Photoelectron and infrared spectroscopy of semi-insulating silicon layers

Abstract

X-ray induced photoelectron spectroscopy (XPS), Fourier transform infrared spectroscopy, and electron microprobe analysis (EMA) were used to study semi-insulating polycrystalline silicon layers obtained by chemical vapor deposition from ${\mathrm{SiH}}_{\mathrm{4}}$ and ${\mathrm{N}}_{\mathrm{2}}\mathrm{O}$ gases. A mean “bulk” oxygen concentration determined by EMA ranged from 16 to 50 at. %. Photoelectron spectra excited by Mg $\mathrm{K\alpha }$ and Al $\mathrm{K\alpha }$ radiation were used to find surface composition and bonding information of as-received layers.

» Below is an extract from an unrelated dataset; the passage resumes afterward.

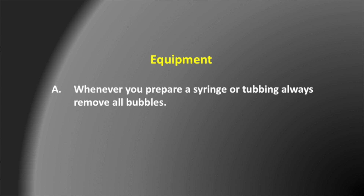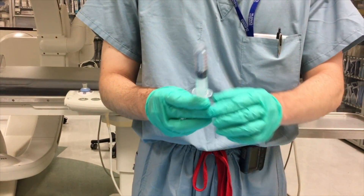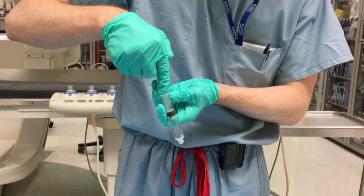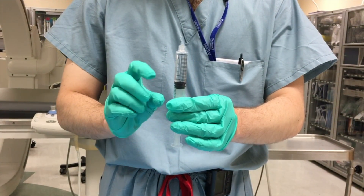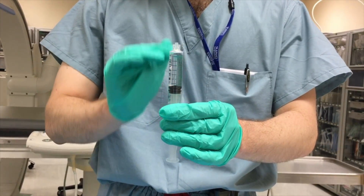Whenever you fill a syringe up with any kind of fluid and you bring it back to your team, make sure that you've got all the bubbles out. I'm going to put some bubbles in here and then show you a couple of different techniques to get them out. The most common way is to turn the syringe upside down — air will always float to the top. If you have it here, the air will go to the top.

Beneath the native oxide with a stoichiometry close to the ${\mathrm{SiO}}_{\mathrm{2}},$ there is a heterogeneous material consisting of silicon (Si–Si) and silicon oxide (Si–O) regions. A drop in the Si $\text{2p}$ peak position differences with the mean bulk oxygen concentration indicates a differential charging of the silicon islands surrounded by a silicon oxide phase. A spectral band of an asymmetric Si–O–Si stretching vibration mode around $\text{1030\hspace{0.17em}}{\mathrm{cm}}^{\mathrm{-1}}$ was used to characterize the samples. An assumption that the samples were a homogeneous $\mathrm{a-}{\mathrm{SiO}}_x$ phase leads to a mean oxygen content much higher than that determined by the EMA technique. On the other hand, oxygen concentration deduced from the number of (Si–O) bonds, calculated by the normalized integrated absorption intensity, were very close to the results of EMA. This leads us to the conclusion that the samples consist of two phases, $\mathrm{a-}{\mathrm{SiO}}_r$ and Si. The values of the refractive index obtained by the spectrophotometric method from reflectance spectra and the results of XPS measurements strongly support the two-phase model.